“So,” says Dakota Johnson, upon realizing that our conversation is being recorded, “I shouldn’t say anything naughty?” Throughout our time together, it can, in places, be difficult to decipher what the 36-year-old actress is getting at, because almost every answer is preceded by a pause, and followed by a giggle.
What soon becomes clear, however, is that Dakota Johnson has lived her entire life with a heightened sensory awareness. “When I was little, I was very aware of how fabrics felt on my body,” she says. “I loved the way my mother dressed, so I wanted to wear jeans, but I had to wear tights underneath, because I didn’t like how denim felt on my skin.” She’d pair them with Mary-Janes—“because The Wizard of Oz”—and a flower-embroidered mesh vest she thought was “pretty rad,” and because her mother, Melanie Griffith, wore sunglasses, she did too. “I looked like an insane person.”
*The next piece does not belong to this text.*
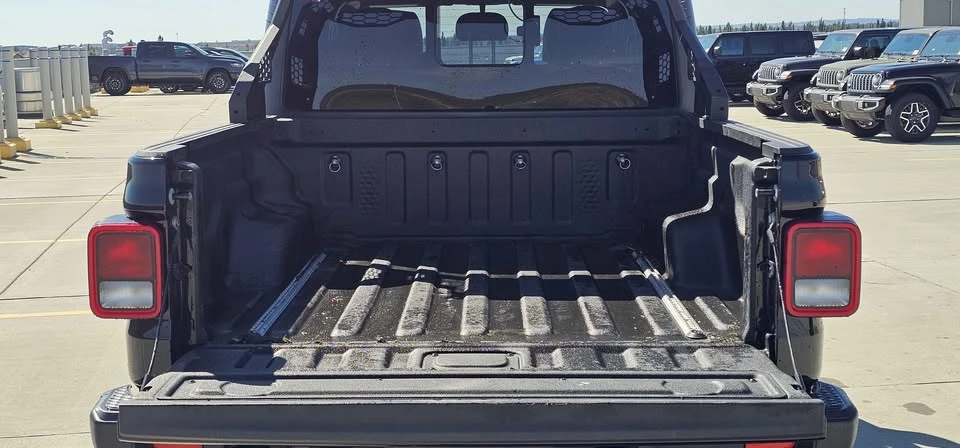 2020 Jeep JT Gladiator - Image 9 of 18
That sensitivity has followed her into adulthood. “I say to Kate [Young, her stylist]: no turtlenecks, no mohair,” she adds. “It gets stuck in my mouth.” In fact, it was the absence of fabric altogether that drew her to the look she wore to Alessandro Michele’s spring 2026 Haute Couture presentation for Valentino: a feather-cuffed, boxy-shouldered, matelassé shrug over a pussy-bow leopard-print blouse, tucked into lace micro-shorts, with floral-embroidered tights, and metal-tipped, ankle-strapped, pin-thin-heeled Rockstud—these are, Devil Wears Prada or not, going to be a thing once more—pumps. “No pants feel like home to me,” she says, her team erupting in another fit of laughter again. “And Alessandro is one of the great loves of my life. I love following his creative genius and I love watching his mind and heart work and I just feel honored to be on this journey with him.”
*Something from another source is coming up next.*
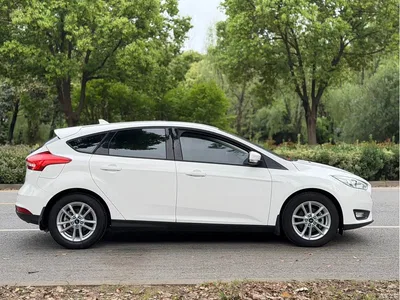 2018 Ford Focus Hatchback Classic 1.6L Automatic Trend Smart Edition, фото 2, лот 10298102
Johnson took her place in the audience beside Michele’s latest recruit, Lily Allen, to watch the collection reveal itself through a series of Kaiserpanoramas—a form of stereoscopic entertainment that predates cinema—staged at the Tennis Club de Paris. As spectators stood to peep through little squares built into the walls, models found their light one by one, beginning with a dress draped in 1980s fashion, plunging to a knot at the navel with full, batwing sleeves in a Valentino red—an ode, of course, to the Pantone-protected shade invented by the house’s founder Valentino Garavani, who passed away in Rome a week and a half ago, aged 93—and closed on a show-stopping, pleated, faded-gold lamé ball gown, cinched into an elaborate, cheese-cutter waist. “There are many, many moments that Alessandro and I have had together,” Johnson says. “And that I will never speak about.”
It’s been a while since Johnson attended more than one show per season—and that’s unlikely to change, given that she was recently announced as Valentino’s global brand ambassador—but you get the sense she’s perfectly content with that. “I am always grateful to witness beautiful art at work,” she says. “But I often feel intimidated by fashion week, because of the volume of people, and the plethora of conversations about clothing.” (This is, after all, the same person who explains her approach to dress with lines such as: “I’m wearing a dress, and whatever story you wanna make up in your mind, that’s the right one.”) Which, frankly, I understand: the absolute last thing I want to do at fashion week is talk about fashion. Still, Johnson has more to say than she lets on. “I’m into a lingerie moment, a slip dress over jeans, or panties over tights.” And as for what she’s really not into? “Shorts, in general. I don’t like them,” she says, her finger practically hovering over the recorder. “That’s it. We did it.”